[Web page caption snippets]
☆ ☆ ☆ ☆ ☆ ☆ ☆

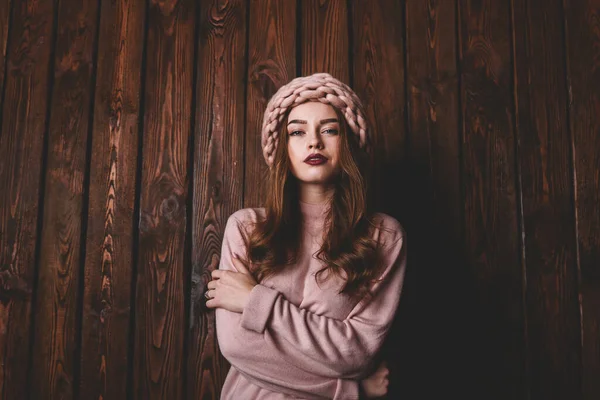 木製の壁の近くに立っている間 カメラと折り畳み式の手を見て帽子と長い髪を持つカジュアルな服装で魅力的な女性 — ストック写真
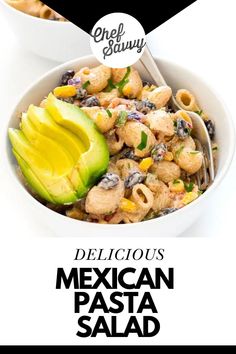 mexican pasta salad with avocado in a white bowl on a black and white background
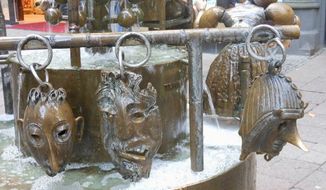 Bronze heads on bottom of Puppet (Doll) Fountain 
 By Corinna Lothar/Special to the Washington Times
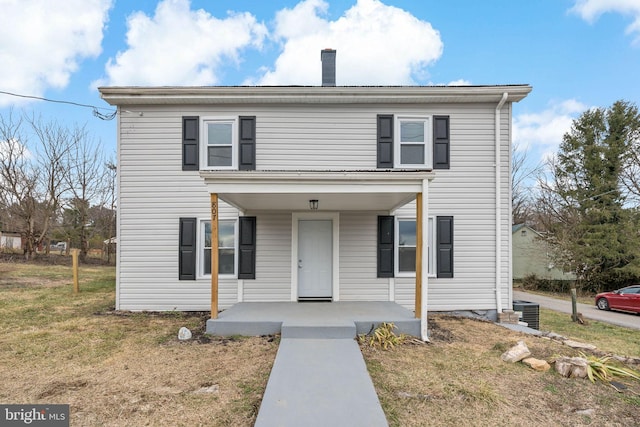 view of property with a front yard and a porch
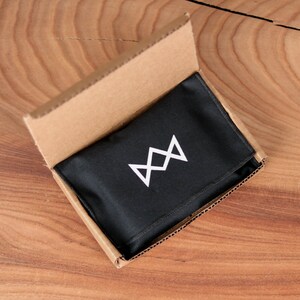 May include: An open cardboard box with a black fabric pouch inside. The pouch has a white logo with a stylized crown design.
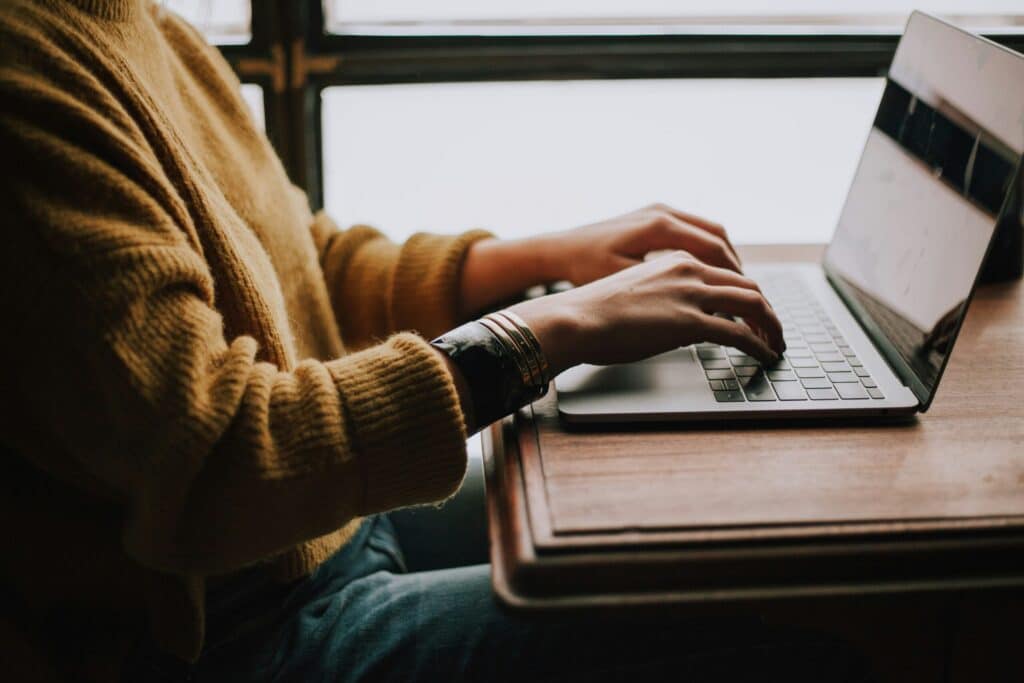 christin-hume-mfB1B1s4sMc-unsplash-scaledjpg | Flux Labs person sitting front of laptop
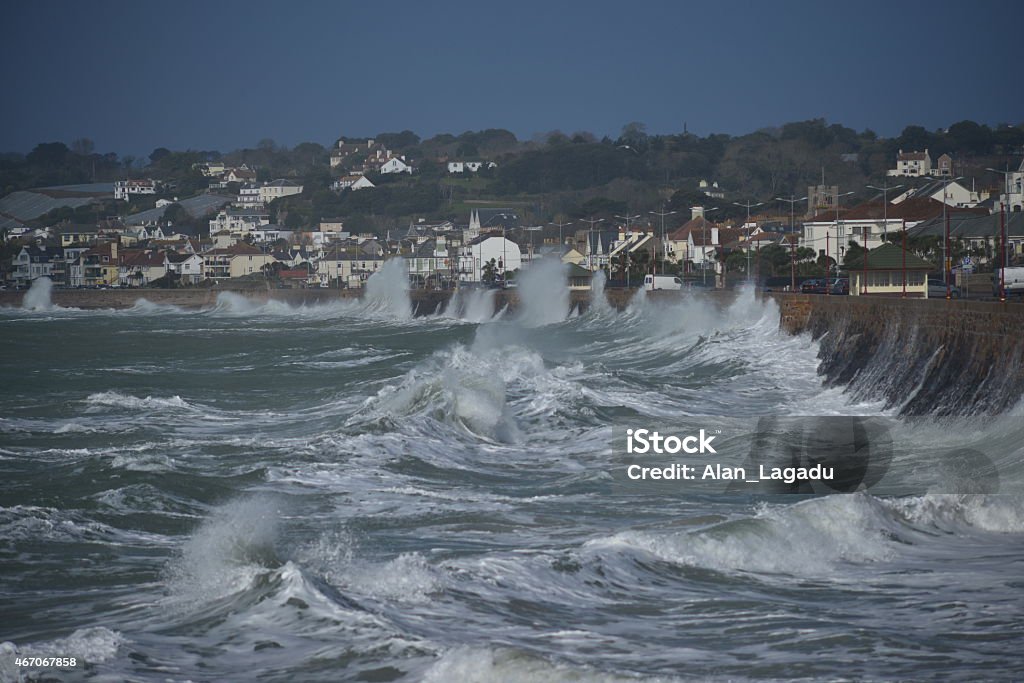 West Park, Jersey, U.K. Telephoto image of Winter seas pounding the promenade. Storm Stock Photo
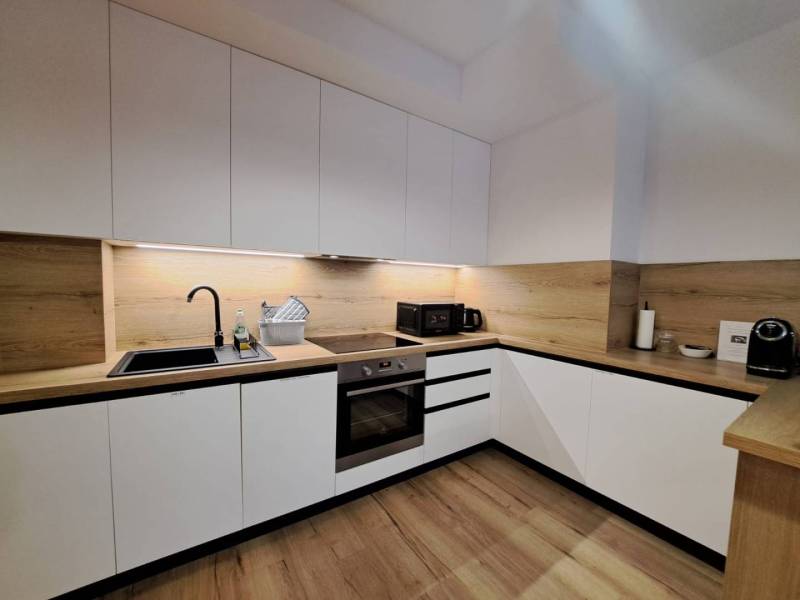 Küchenzeile in einer 2-Zimmer-Wohnung mit weißen Schränken und einer Holzarbeitsplatte.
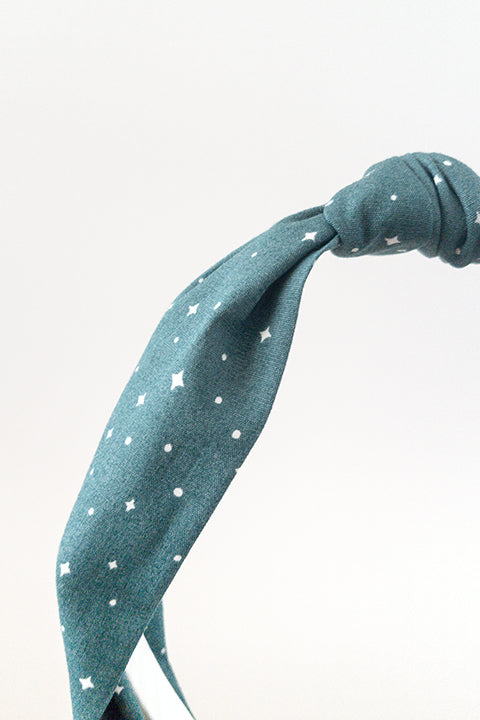 front detail view of an upcycled cotton fabric headband featuring a top knot and forest green holiday starry night print fabric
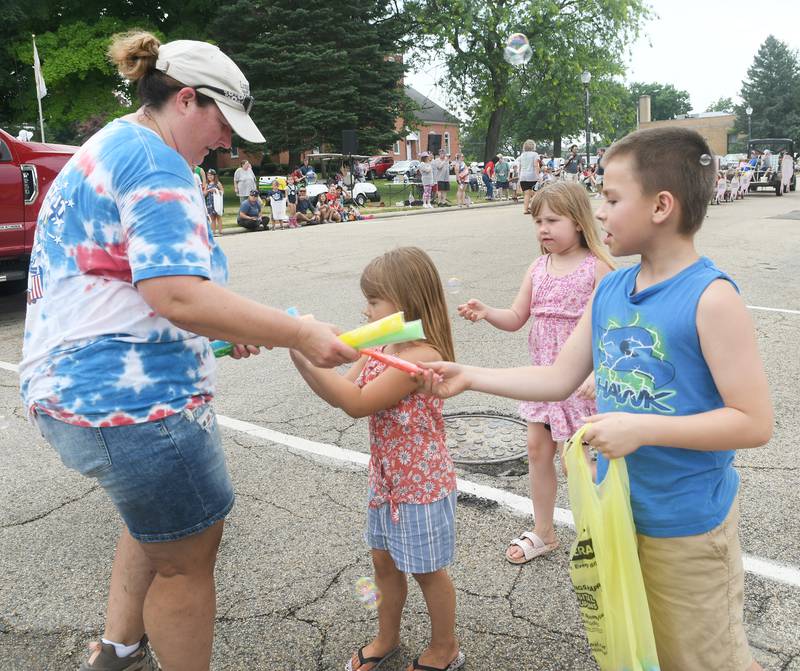 Lisa Hinrichs with the Blackhawk Crossing 4-H Cub hands out flavored ice treats to Owen, Stella and Elizabeth Newcomer of Oregon during the Let Freedom Ring Grand Parade on July 4.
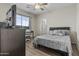 Comfortable bedroom featuring a ceiling fan, desk, and great natural lighting at 7628 W Donald Dr, Peoria, AZ 85383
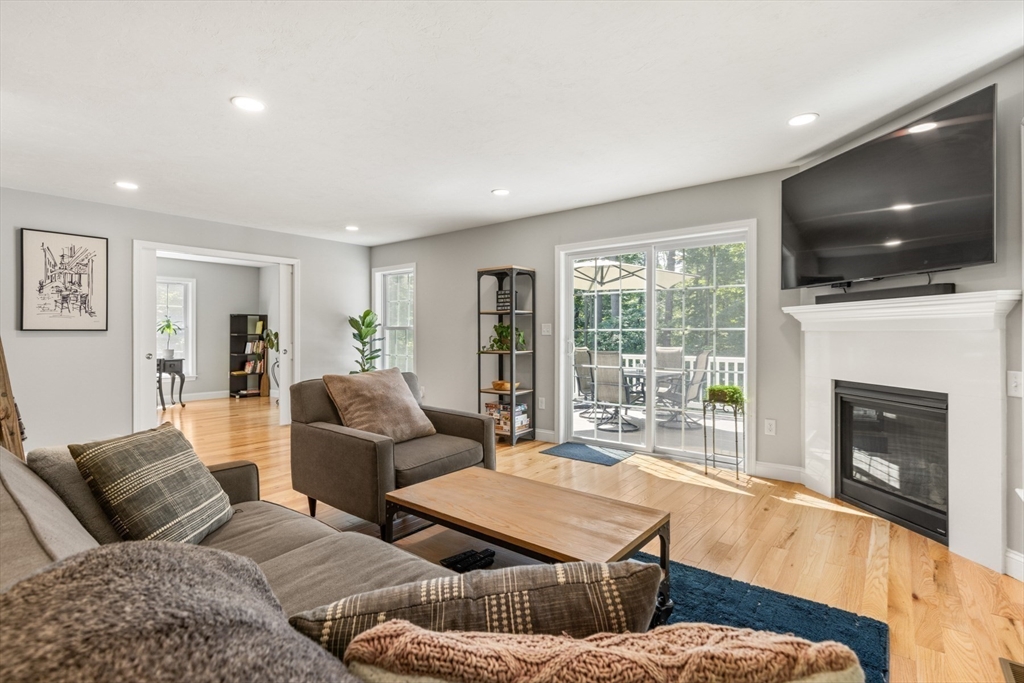 62 Benjamin Road Shirley, MA 01464 - Photo 14 of 37 a living room with furniture and a flat screen tv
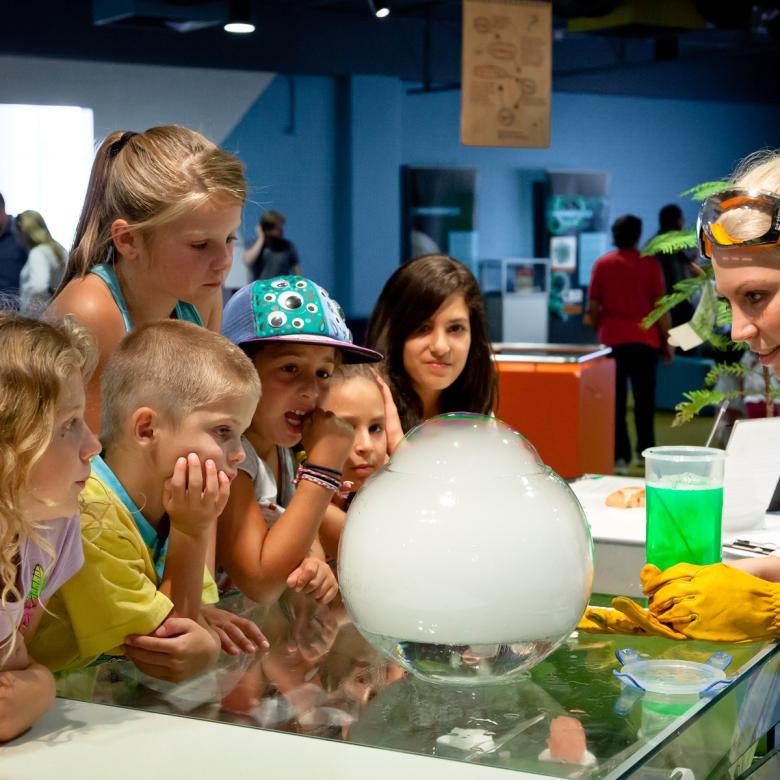Children watch a Questacon staff member make a bubble on top of a fish bowl full of dry ice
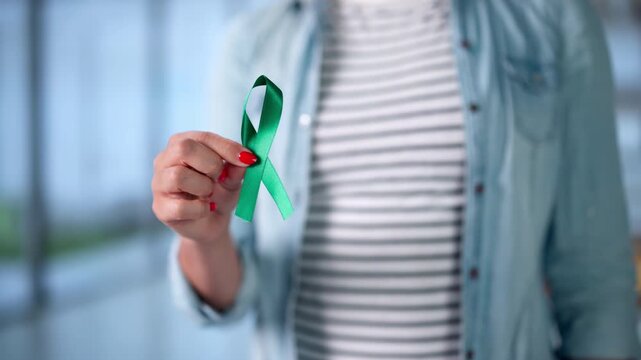 Woman Holds A Teal Ribbon In Her Palm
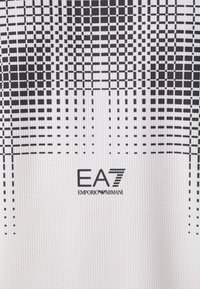 Balts sporta krekls ar melnu režģa rakstu, ribotu tekstūru un EA7 Emporio Armani logo melnā krāsā apakšējā labajā stūrī.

☆ ☆ ☆ ☆ ☆ ☆ ☆

**THE TASK**
Restate word for word the lines that begin at the one containing "West Park, Jersey, U.K." and end with the final line of the records. Pictures stay out.

**RESULT FOR THIS TASK**
 West Park, Jersey, U.K. Telephoto image of Winter seas pounding the promenade. Storm Stock Photo
 Küchenzeile in einer 2-Zimmer-Wohnung mit weißen Schränken und einer Holzarbeitsplatte.
 front detail view of an upcycled cotton fabric headband featuring a top knot and forest green holiday starry night print fabric
 Lisa Hinrichs with the Blackhawk Crossing 4-H Cub hands out flavored ice treats to Owen, Stella and Elizabeth Newcomer of Oregon during the Let Freedom Ring Grand Parade on July 4.
 Comfortable bedroom featuring a ceiling fan, desk, and great natural lighting at 7628 W Donald Dr, Peoria, AZ 85383
 62 Benjamin Road Shirley, MA 01464 - Photo 14 of 37 a living room with furniture and a flat screen tv
Children watch a Questacon staff member make a bubble on top of a fish bowl full of dry ice
 Woman Holds A Teal Ribbon In Her Palm
 Balts sporta krekls ar melnu režģa rakstu, ribotu tekstūru un EA7 Emporio Armani logo melnā krāsā apakšējā labajā stūrī.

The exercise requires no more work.